For all its flaws, the reactor was nearly maintenance-free, which is why it was still in use on quite a few ships.

The Talon’s reactor was a whole different beast. Alexander didn’t have schematics for it, but he was allowed to study the design and watch the reactor in action. It was a type of reactor called a disk reactor and it looked like a squashed ball or inflated pancake. Inside the reactor was a series of rings. Depending on the reactor output, there could be up to seven of these rings. The Talon’s reactor only had three. The main ring, and two auxiliary rings.

Instead of encasing the entire reactor in an electromagnetic field, the rings sort of contained the plasma in a loop of magnetism that kept the energy far enough away from the delicate rings, while also keeping it from contacting the outside of the containment vessel.

The reason for the separate rings was that it allowed you to pull plasma from the auxiliary rings to use as the ship’s thrust, while not disturbing the main power ring. And if you somehow disrupted the flow of one or both of the auxiliary rings, the main ring was designed to restart them without interruption.

It was a beautiful design, but Alexander had no idea how to recreate it. He had a few prototypes in the works but none were functional at the moment.

The final design was what the shuttles used. It was a simple reactor that used the magnetic field to hold the fuel in place while a grid of lasers heated it to ignition, similar to how the pulsed fusion drive operated. It was the smallest of the reactor designs that Alexander had access to, but it also had the lowest output. These smaller reactors weren’t designed to handle the higher energy fuel contained in the fifty-year cores that starships used either. The shuttle reactors could only convert heavy water and super heavy water into fusible material.

He was pretty sure he could increase the efficiency of the reactor and shrink the entire design by quite a bit, but that didn’t really solve his problem of coming up with a reactor design for his compressed plasma ejection thrusters.

In the end, Alexander decided to just retrofit his engines to the reactors that were already available on the Talon and the Destiny. It would take a bit more work on his part, but why bother reinventing the wheel when it was already there?

The Talon might not see much improvement, but it would have brand-new engines. The Destiny, however, should see a slight improvement over their outdated Sinorus engines.

With that decision, he made a quick change to the design to allow for the connection change and queued up the engines to the orbital printers. Once his new control ships were done printing, it would be time to retrofit the Talon.

It was good timing since Eden’s Resolve would be leaving shortly with the first delivery for Vice Admiral Fletcher. That gave Alexander a little over two months to finish the retrofit for Talon.

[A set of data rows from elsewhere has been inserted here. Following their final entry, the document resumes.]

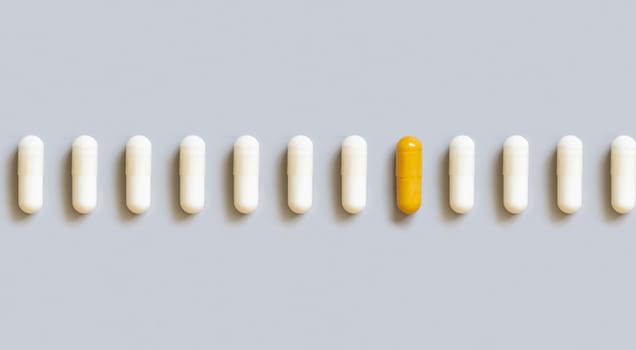 Beige medical capsules in a line with yellow one in the middle on grey top view. Preventive medicine and healthcare, dietary supplements and vitamins. Assorted alternative medicine capsules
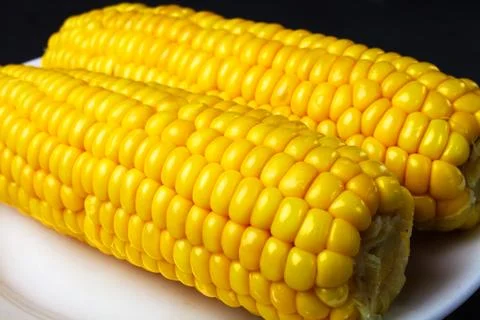 Boiled corn on a white plate, selective focus, close-up Foto stock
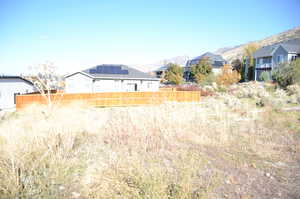 View of yard featuring a mountain view and a residential view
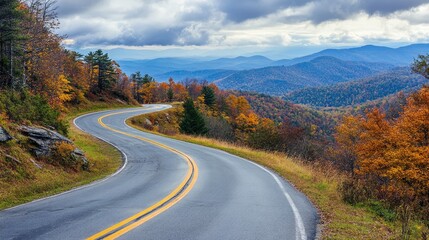 Naklejka premium Winding mountain road leading to a scenic overlook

Alexander checked his watch and saw it was nearly time for Yulia to get out of class. He quickly saved his work and locked down his workshop before heading out to pick her up.

He knew he had been a rather negligent father lately, but he was doing his best to spend time with her whenever he could. It would have been much easier if there had been a second parent for her, but Alexander had no intentions of finding a significant other. Even if he considered it, what would be the point? It wasn’t like he could make them happy, and he was starting to realize he probably wouldn’t have the same feelings for them as he did Yulia.

Alexander’s feelings had come back when Yulia was first attacked back on Petrov Station, but Alexander barely felt anything towards most people even now. The few exceptions were his close friends and the people he hated with a burning passion, like the pirates who attacked the facility, Dalton, and Harlow. Everyone else just fell into a grey area of complete emotional disinterest for him.

Maybe one day he would figure out a solution to that problem, but for now, he had enough people he cared about.